Gut, Steffen Seibert, Sie werden nun also vom Moderator des Heute-Journals zum Regierungssprecher. Was wir nicht verstehen: Wo ist denn da die "neue Aufgabe", die Sie laut Ihrer ersten Stellungnahme gereizt hat?

Satirisch wird hier das Strukturproblem der (womöglich mangelnden) Staatsferne nicht zuletzt öffentlich-rechtlicher Top-Journalist:innen auf- und angegriffen.

Doch die Karawane zog weiter, bis sich schließlich Steffen Seibert im Dezember 2021 nach 1.058 Auftritten vor der Bundespressekonferenz verabschiedete. Nicht, ohne erneut auf etwas Wichtiges zu verweisen, das auch Berichterstatter Geyer aufschreibt: Die Regierungspressekonferenz in dieser Form sei weltweit einzigartig und "ein gutes Stück Demokratie" – aber gerade deshalb verstehe er, Seibert, nicht, warum inzwischen nur noch wenige Vertreter der Hauptstadtpresse regelmäßig teilnehmen.

Dabei sei das allein schon deshalb wichtig, damit die Veranstaltung "keine Schlagseite" bekomme: Schließlich nutzten Staatsmedien autoritärer Staaten hier journalistische Freiheiten, die bei ihnen zu Hause unterdrückt würden.

So weit, so erwartbar. Was Kollege Geyer leider nicht thematisiert, ebenso wenig wie viele Vertreter:innen reichweitenstarker etablierter Medien: Steffen Seibert hat seit 2010 ein "allgemeines Rückkehrrecht" zum ZDF. Die medienpolitische Plattform quotenmeter schreibt zwar, es stehe fest, dass Seibert nicht zum ZDF zurückkehren werde. Das kommt laut quotenmeter "durchaus überraschend", schließlich habe Steffen Seibert seinen Vertrag mit dem Mainzer Sender nie aufgelöst.

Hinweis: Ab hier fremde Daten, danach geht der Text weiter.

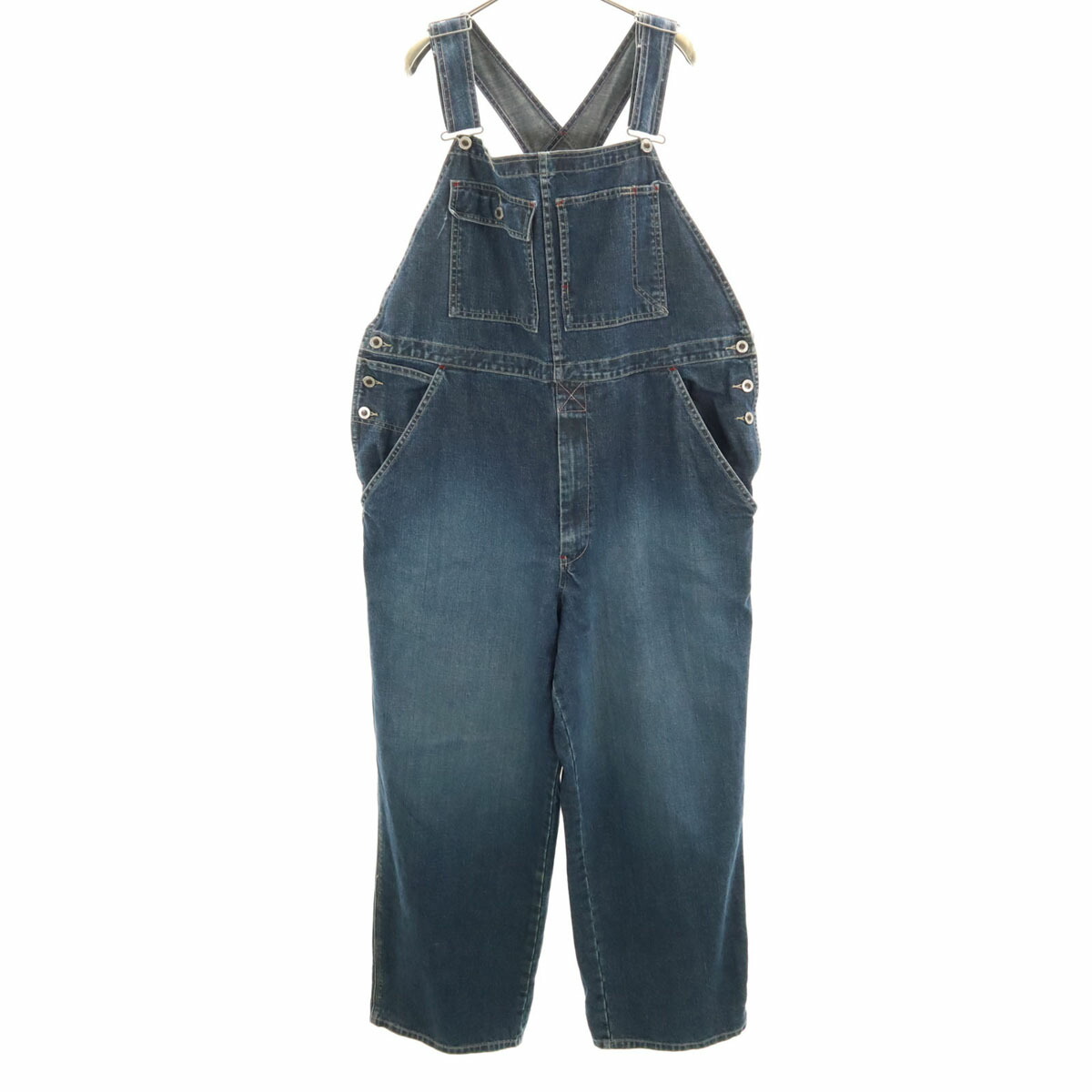 楽天市場】EVISU エヴィス 90s 初期 ハウスタグ カモメ デニム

Genauer gesagt: Seibert sei zwar ein "allgemeines Rückkehrrecht" eingeräumt worden. "Eine Rückkehr in eine journalistische Funktion wäre aber nicht möglich", habe ein ZDF-Sprecher quotenmeter gesagt.

Weiter habe das ZDF mitgeteilt, dass es beim Sender "keine entsprechenden Planungen" für eine Rückkehr Seiberts gebe. Dass aber solch ein allgemeines Rückkehrrecht für einen "beamteten Staatssekretär" als Problem etwaiger struktureller und personaler Parallelen zwischen Regierung und ZDF kritisiert werden sollte, scheint hierzulande öffentlich kaum zu interessieren.

Stattdessen Emotionen und Storytelling: Steffen Seibert also nicht mehr vor der Kamera im ZDF? Das wurde in manchen Medien unterhaltsam bedauert, gleichsam mit einer Träne im Auge.